Nein der Istwert für die Regelung kommt per Datenkommunikation aus dem Schutzgerät aus der Übergabe NS/MS (Netzverknüpfungspunkt).
Wahrscheinlich habe ich mich auch missverständlich ausgedrückt, das Schwingen wird schon von meiner Regelung verursacht. Ohne Regelung auf einen konkreten Sollwert ist der Istwert auch konstant.
Schwingen bedeutet in dem Fall z.B.: Sollwert 90kvar Istwert: 50-150kvar mit teils noch kurzen heftigen Spitzen. Dabei hält er den Sollwert aber auch teilweise mehrere Sekunden bei 80-100kvar, was vermutlich akzeptabel wäre. Darum bin ich einfach der Meinung die Regelung darf nur träge auf größere Istwertänderungen reagieren.
Am BHKW ist ja auch noch eine Regelung unterlagert, die die Kompensationsanlage steuert und auch Zeit braucht sich intern auszuregeln.
Tracen müsste ich dann bei Bedarf wenn ich wieder an der Anlage bin.


----------



## elmoklemme (12 April 2021)

Zum Aufbau nochmals:

Es gibt einen Sollwert für Q vom Netzbetreiber auf unsere Steuerung.
Der Istwert wird am Einspeisepunkt von der Messung am Schutzgerät ausgelesen.
Regeln kann ich dann Q über Profibus an den BHKWs und über den Solarlog mit Modbus auf den Wechselrichtern der PV.
Der Task war auch schon bei 100ms.


----------



## dingo (12 April 2021)

Die Sprünge können auf den Regler eingegrenzt werden?
z.B: Ist der Sollwert an der AO Klemmen 0-10V oder 4..20mA sauber, können  Einkopplung auf den Verbindungen ausgeschlossen werden?

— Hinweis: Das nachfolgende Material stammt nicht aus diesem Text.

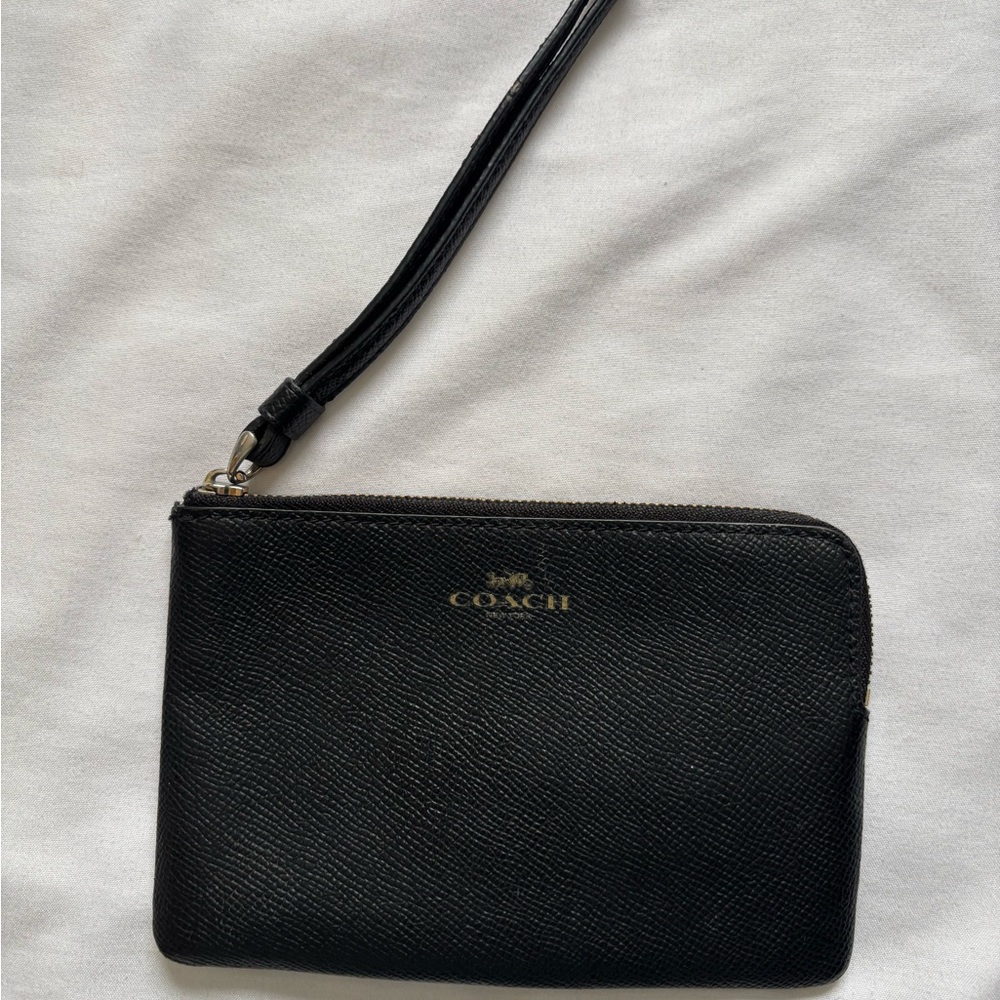 Coach Black Zip-Around Wristlet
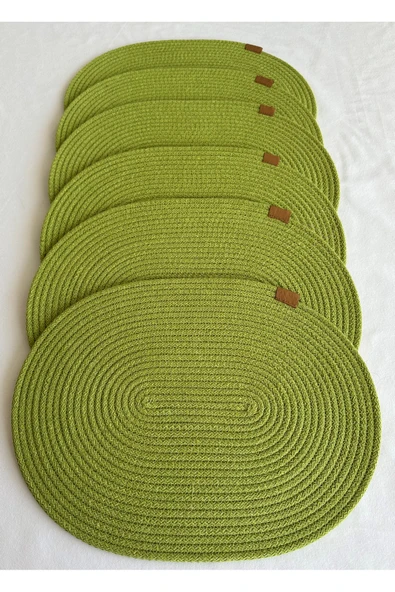 HHKARTS Jüt Amerikan Servis Sofra Altlığı, Masa Dekoru Supla Oval Fıstık Yeşil 30x40 6lı - Resim 2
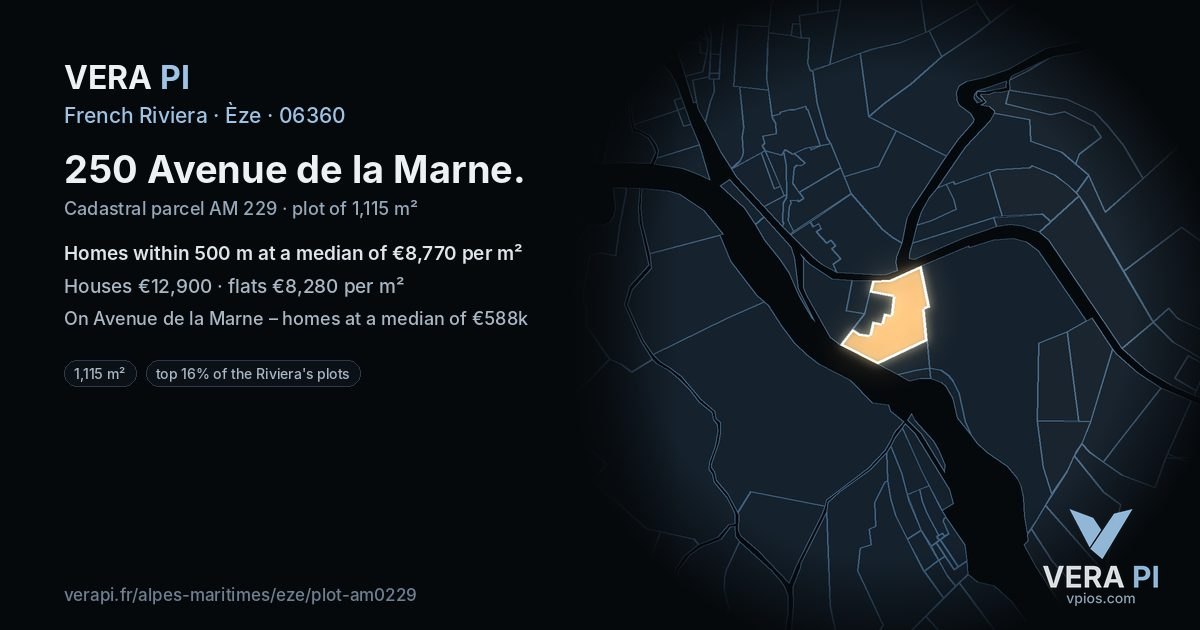 250 Avenue de la Marne, Èze at night – the plot lit, the parcels around coloured by the prices near them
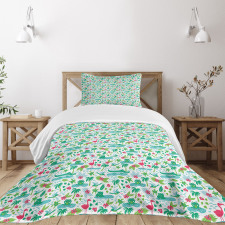 Tropical Animals Pattern Bedspread Set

--#7 kam Zeitgleich, hat sich dadurch ausgeschlossen

Ist der Sollwert+ Reglertägheit genauso unruhrig wie der Istwert?


----------



## dingo (12 April 2021)

Dann würde ich die Taskprioritäten prüfen


----------



## winnman (12 April 2021)

Oder das ganze bei dir wesentlich schneller machen.

Du schreibst, du hast den IW bedämpft -> SW wird vorgegeben, Blindleistung wird verändert, bis du den neuen IW hast liegen da schon ganz andere Verhältnisse vor.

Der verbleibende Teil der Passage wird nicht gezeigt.